"""

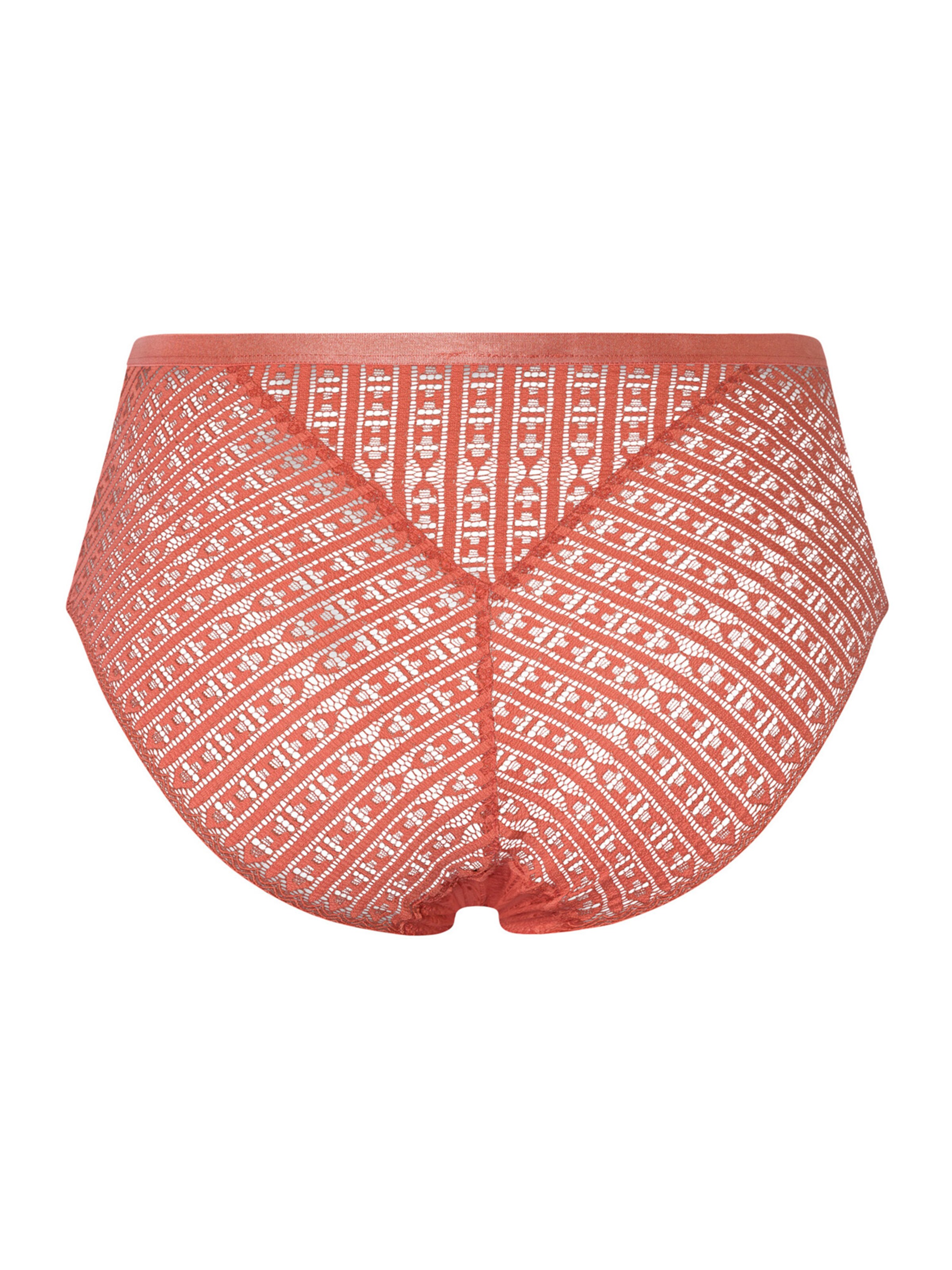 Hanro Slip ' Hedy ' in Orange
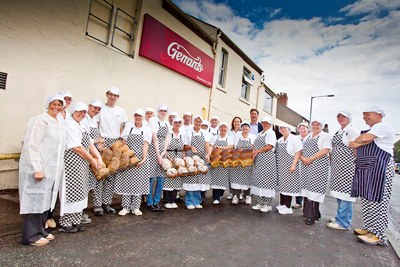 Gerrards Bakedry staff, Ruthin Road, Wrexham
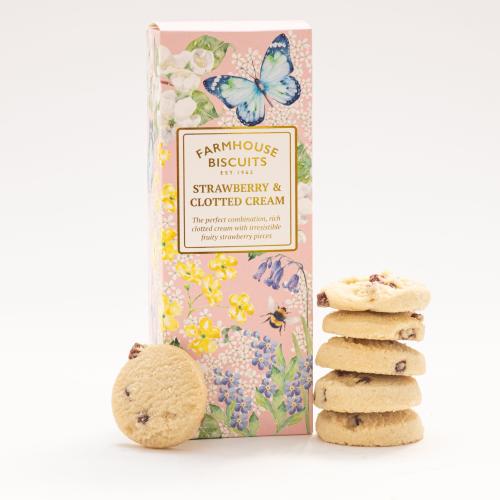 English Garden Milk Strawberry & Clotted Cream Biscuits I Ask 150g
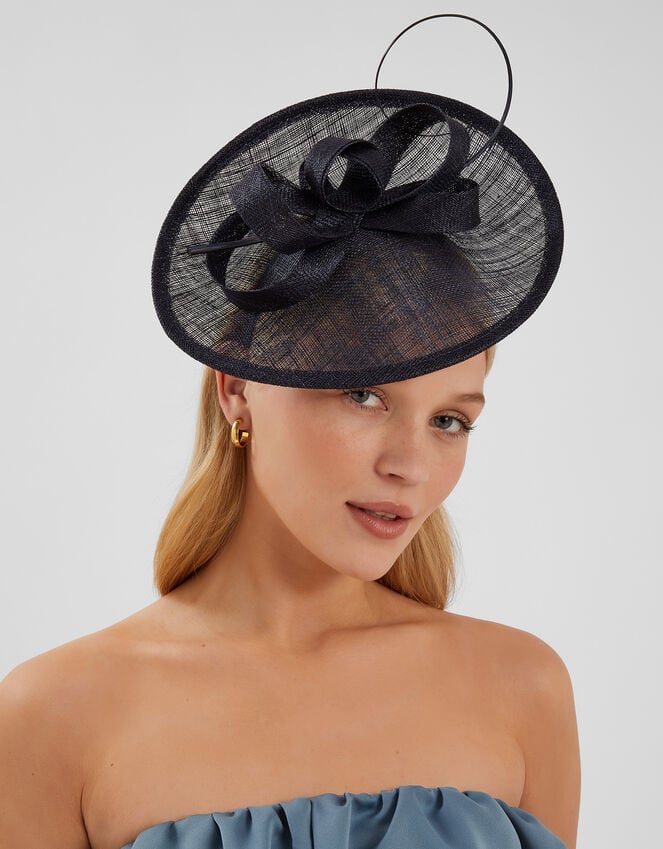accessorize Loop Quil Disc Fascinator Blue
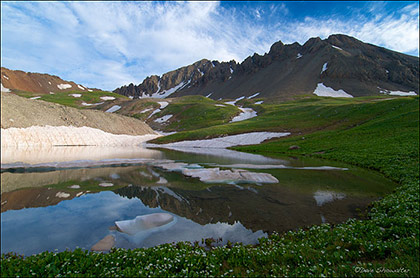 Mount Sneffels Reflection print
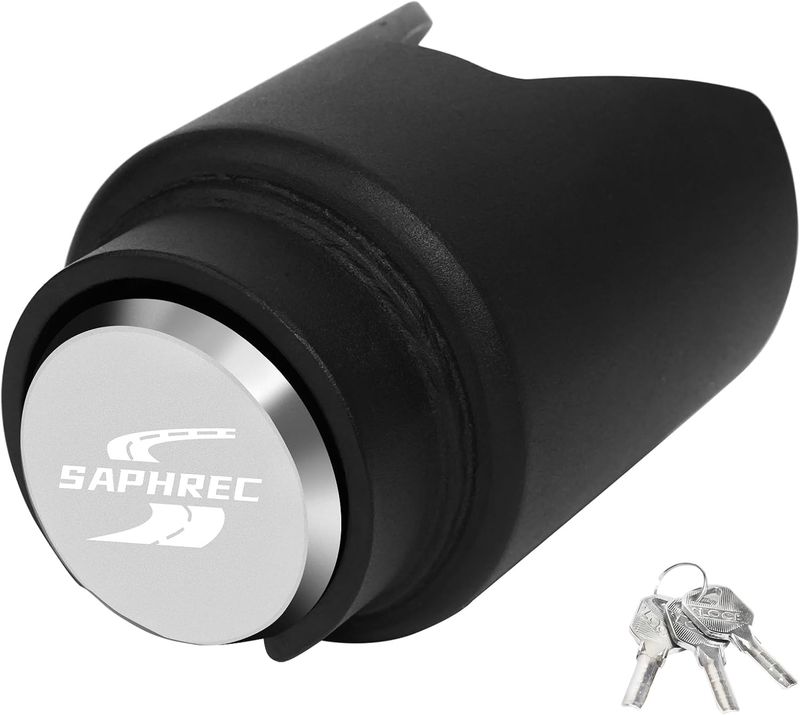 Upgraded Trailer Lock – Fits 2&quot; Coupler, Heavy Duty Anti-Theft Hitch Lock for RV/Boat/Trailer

"""
"""

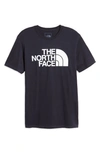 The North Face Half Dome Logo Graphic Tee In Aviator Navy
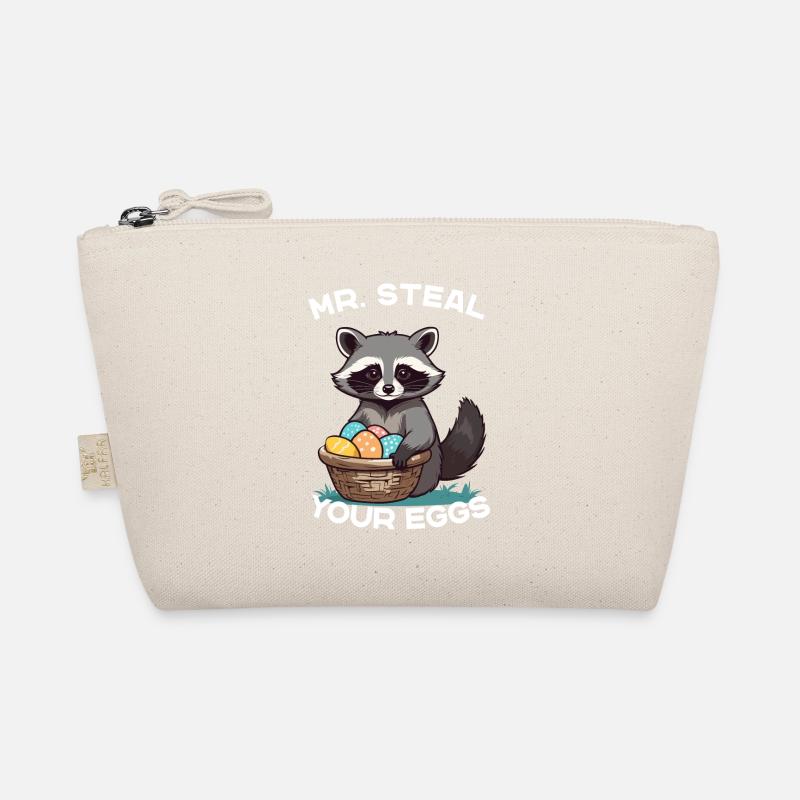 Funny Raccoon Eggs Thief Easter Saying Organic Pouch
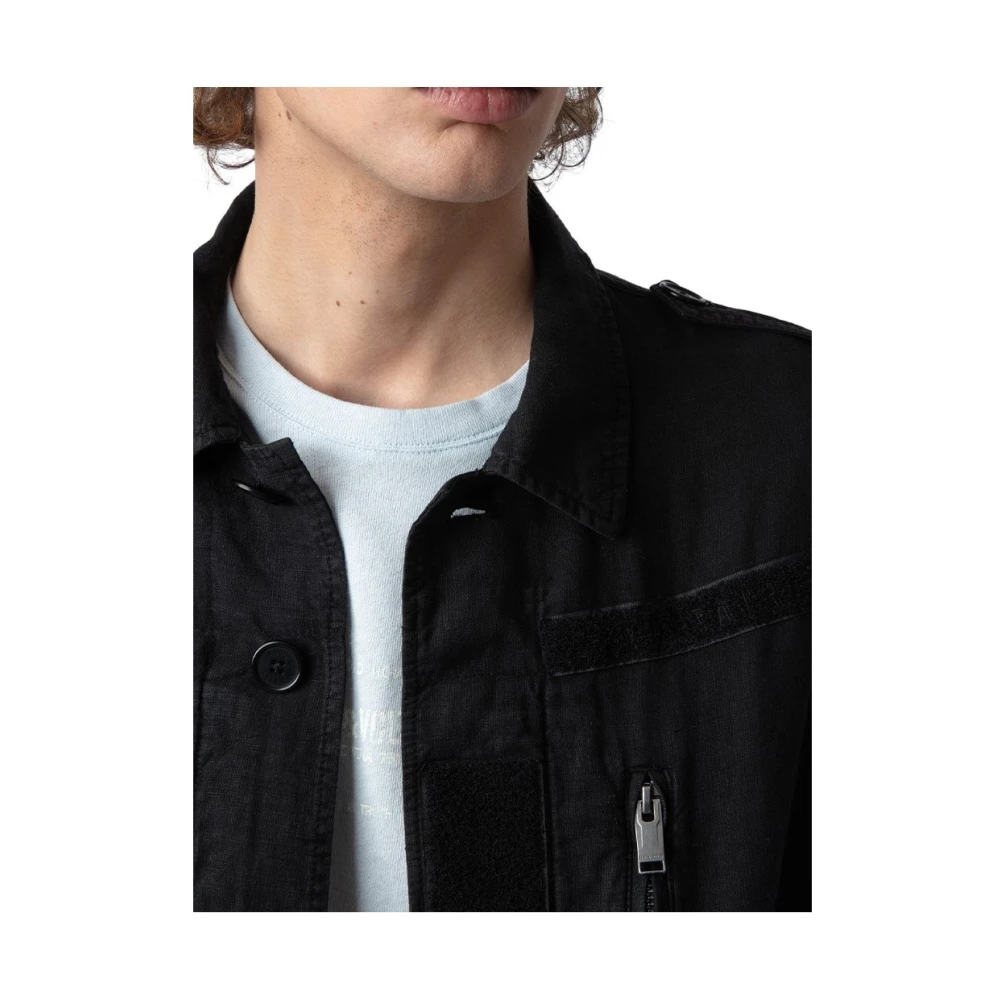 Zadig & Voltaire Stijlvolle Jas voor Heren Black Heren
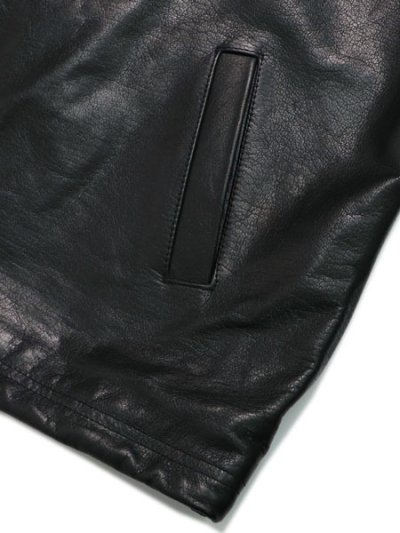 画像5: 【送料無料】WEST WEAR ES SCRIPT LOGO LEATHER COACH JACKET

"""

PROMPT
Using the data above, give again exactly the lines starting at the one holding "Hanro Slip ' Hedy ' in Orange" and ending at the one holding "Upgraded Trailer Lock", inclusive, and nothing more. Omit the pictures.

ANSWER SECTION
 Hanro Slip ' Hedy ' in Orange
 Gerrards Bakedry staff, Ruthin Road, Wrexham
 English Garden Milk Strawberry & Clotted Cream Biscuits I Ask 150g
accessorize Loop Quil Disc Fascinator Blue
 Mount Sneffels Reflection print
 Upgraded Trailer Lock – Fits 2&quot; Coupler, Heavy Duty Anti-Theft Hitch Lock for RV/Boat/Trailer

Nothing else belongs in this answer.